Top of Information provided

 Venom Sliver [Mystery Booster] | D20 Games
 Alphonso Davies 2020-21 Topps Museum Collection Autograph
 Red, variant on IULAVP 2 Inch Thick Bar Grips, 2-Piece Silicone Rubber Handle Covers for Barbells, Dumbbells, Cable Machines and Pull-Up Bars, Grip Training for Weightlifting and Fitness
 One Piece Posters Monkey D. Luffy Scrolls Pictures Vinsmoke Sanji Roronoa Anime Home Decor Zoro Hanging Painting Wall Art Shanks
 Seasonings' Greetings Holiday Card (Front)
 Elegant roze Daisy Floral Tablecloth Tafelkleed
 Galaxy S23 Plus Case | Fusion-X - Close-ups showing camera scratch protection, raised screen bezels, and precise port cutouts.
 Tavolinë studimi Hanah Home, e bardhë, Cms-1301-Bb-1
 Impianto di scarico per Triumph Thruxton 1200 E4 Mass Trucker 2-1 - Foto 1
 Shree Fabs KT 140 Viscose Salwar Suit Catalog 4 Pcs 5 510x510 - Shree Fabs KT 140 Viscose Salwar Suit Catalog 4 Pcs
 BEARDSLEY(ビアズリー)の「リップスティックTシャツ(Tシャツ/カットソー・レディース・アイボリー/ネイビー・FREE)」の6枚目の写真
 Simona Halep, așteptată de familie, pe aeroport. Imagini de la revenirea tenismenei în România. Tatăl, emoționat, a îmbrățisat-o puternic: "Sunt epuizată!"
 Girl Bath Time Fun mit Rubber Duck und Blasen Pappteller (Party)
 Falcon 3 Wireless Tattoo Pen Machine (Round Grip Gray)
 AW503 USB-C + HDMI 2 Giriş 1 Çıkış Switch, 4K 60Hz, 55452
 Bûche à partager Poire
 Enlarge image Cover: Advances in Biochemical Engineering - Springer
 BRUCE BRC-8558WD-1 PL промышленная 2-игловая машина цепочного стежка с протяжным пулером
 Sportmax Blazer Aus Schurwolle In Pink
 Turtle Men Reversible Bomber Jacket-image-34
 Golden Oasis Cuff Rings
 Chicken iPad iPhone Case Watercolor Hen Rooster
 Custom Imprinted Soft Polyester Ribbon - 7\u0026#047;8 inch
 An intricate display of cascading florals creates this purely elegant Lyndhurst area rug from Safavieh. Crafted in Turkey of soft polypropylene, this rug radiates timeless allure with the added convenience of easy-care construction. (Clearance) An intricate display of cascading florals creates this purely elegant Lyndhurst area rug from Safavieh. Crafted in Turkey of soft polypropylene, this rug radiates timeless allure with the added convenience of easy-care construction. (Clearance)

Bottom of Information provided

→ About this task: All lines in the data that contain the word "Home" should be copied.

→ Result of the exercise:
 One Piece Posters Monkey D. Luffy Scrolls Pictures Vinsmoke Sanji Roronoa Anime Home Decor Zoro Hanging Painting Wall Art Shanks
 Tavolinë studimi Hanah Home, e bardhë, Cms-1301-Bb-1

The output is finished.